Loans for Shares, This Time With UES?

Is former privatization tsar Anatoly Chubais doing it again?

Is he orchestrating, like he did in the loans-for-shares scandal in 1995 and 1996, the looting of highly coveted assets for the benefit of a handful of powerful industrial groups at the expense of the government -- and this time 500,000 Unified Energy Systems shareholders as well?

The evidence suggests that the answer is yes, and a growing number of critics are calling for the electricity monopoly chief to be reined in.

One need only look at the numbers, President Vladimir Putin's top economic adviser, Andrei Illarionov, told the World Economic Forum's European summit in Salzburg, Austria, this week.

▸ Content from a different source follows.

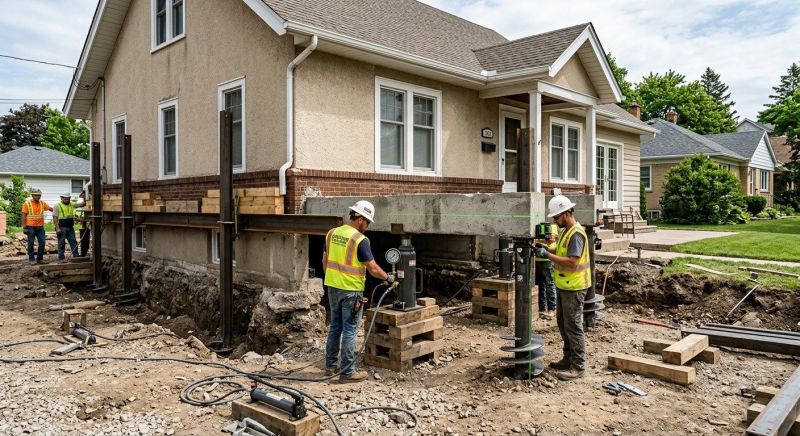Foundation Releveling in West Jordan, UT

Since last summer, when Prime Minister Mikhail Kasyanov signed a largely Chubais-inspired government decree on reforming 52 percent state-owned UES, "the government has lost close to $4 billion in assets [due to] complete mismanagement," he said. "The developments show that I was right and Chubais was wrong."

Indeed, increasing anxiety over Chubais' handling of the company have dragged down the power grid's share price 60 percent since the start of the year, erasing nearly $2 billion in market capitalization. UES shares lost 5 percent of their value Wednesday and another 3 percent Thursday to close at a 52-week low of 76 cents.

Compounding the panic is Chubais' reluctance to assuage investors' fears. He has made few public remarks about the share plunge and reportedly doesn't plan to do so until the issue is addressed by the UES board of directors at its monthly meeting Sept. 27.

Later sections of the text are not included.